Cindy, the trails between Riomaggiore and Manarola and from Manarola to the Corniglia train station are very easy walks. If fact, the first one takes 25 minutes and is quite flat. It's mostly paved. The second one takes about 40 minutes and is mostly flat. There is a few small rises in the trail. It's the third one from Corniglia to Vernazza that gets tougher. This one takes 90 minutes and will rise almost a 1000'. It's mostly stairs up and stairs down on the trail with the stairs made of uneven rock. It's unbelieveably scenic, however. As seniors, it took us 3hrs to hike this trail. It does cost to walk/hike the trails. There are ticket booths on the trails.

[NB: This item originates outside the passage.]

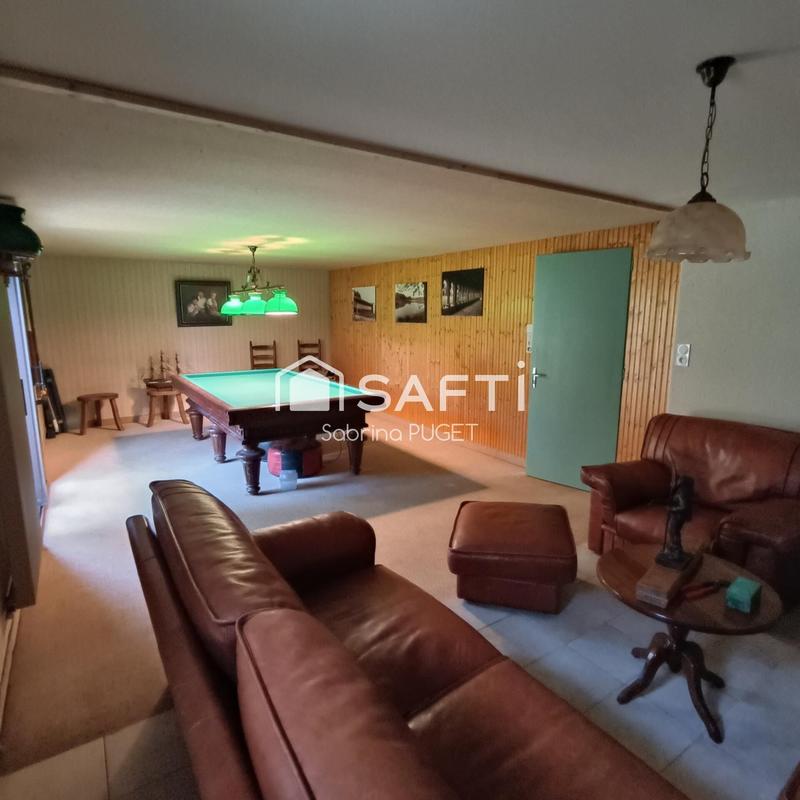 Villa - 360 m² - 12 pièces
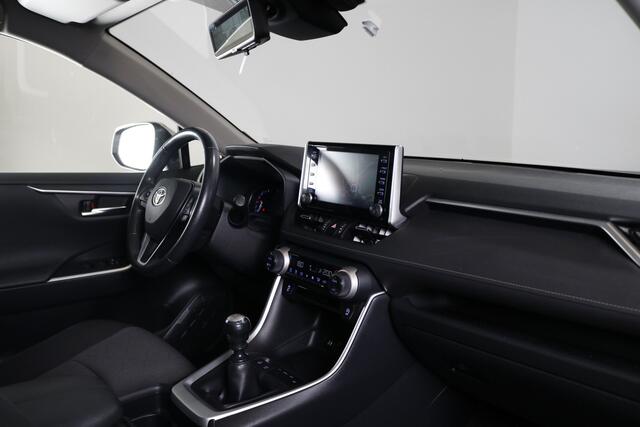 Toyota RAV4 2.0 VVT-iE Dynamic Innovation Pack 2000 kilo trekgewicht | Alarm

It costs about 1Euro or less to ride the train between towns.

Posted by
1299 posts

I've only been to the CT once (am returning this October) but here is what I remember:
We stayed in Vernazza- Lots of fun, but lots of tourists.
Corniglia- Sits up high with no access to the water. Probably the quietest of the villages-but not too much to do there. Would be my last choice to stay at.
Manarola- I always thought this would be where I stayed if I went back. A good balance of beauty, water opportunities, and quiet. It is also very picturesque. From here, you can "stroll" the Via Del Amoure to Rioggamagore. (I don't have my Italy book with me, so I may not be spelling these towns correctly) Rioggamagorie has many restaurants as well.
Rioggamagorie- I had the hardest time getting a feel for this village. It was fun to explore for a little while, but I wasn't sorry to leave. I didn't make it to Montorosso but I have heard that it does have the best beach. Although I have great memories of swimming in Vernazza, I wasn't planning on spending tons of the time on the beach so I preferred to stay in one of the other villages. As to hiking- we just started from Vernazza and hiked to Riomaggiore- it was very hikable. The longest, most difficult part was from Vernazza to Corniglia. The great part is that if you get tired, you can just hop a train to do the rest. Some people have said that the trail from Vernazza to Montorossois the hardest. I did not have time to give it a try. In spite of my affection for Manarola, I will be staying in Vernazza again. (We are traveling with another couple,and it just worked out best that way) Buona Fortuna!!

Posted by
134 posts

Re: the CT portion of your question. Scott is right on about the trails. We are excellent walkers and do a very small amount of hiking. The Via dell'amore from Riomaggiore to Manarola is a delightful stroll with beautiful views. As Scott said, the walk from Manarola to Corniglia a bit more of a challange, but easily doable for good walkers and still with beautiful views. The 2 from Corniglia to Vernazza and Vernazza to Monterosso are very challenging and we were wishing we had spent more time exploring the towns, all of which deserve a good look. The one part of the Vernazza to Monterosso trail I would not miss though is to hike up the hill from Vernazza toward Monterosso for the postcard view that everyone talks about--it is a spectacular view of Vernazza, then just walk back down to town instead of continuing on to Monterosso. We have been to CT 3 times with Rick's tours and had a wonderful time. We stayed in Monterosso and took the train to Riomaggiore and made our way back from there. DO NOT miss taking a boat ride to see all of the 5 towns from the water--incredible! All of the towns are delightful and just a few minutes apart by train so wherever you stay you can't go wrong. Happy traveling!